* TASK INSTRUCTIONS: In this exercise, write out the data word for word and leave every image out.

* PROVIDED MATERIAL:
▼

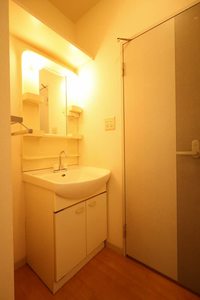 シャーメゾン・ソレイユ　Ａ棟 A0102号-5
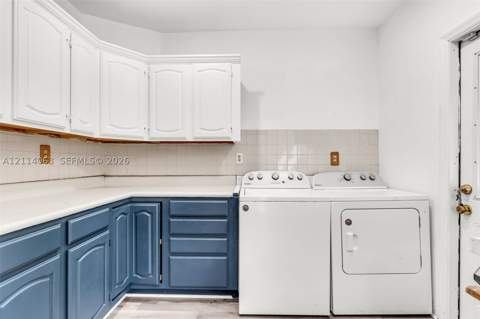 2450 SW 7th Ave, Miami FL - photo 12 of 28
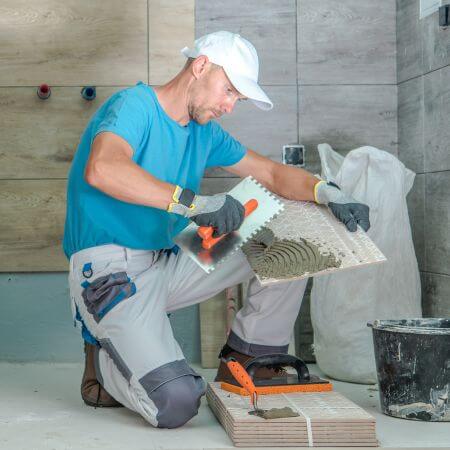 Professional-Bathroom-Designer Professional bathroom remodeler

▲

* WRITTEN ANSWER:
 シャーメゾン・ソレイユ　Ａ棟 A0102号-5
 2450 SW 7th Ave, Miami FL - photo 12 of 28
 Professional-Bathroom-Designer Professional bathroom remodeler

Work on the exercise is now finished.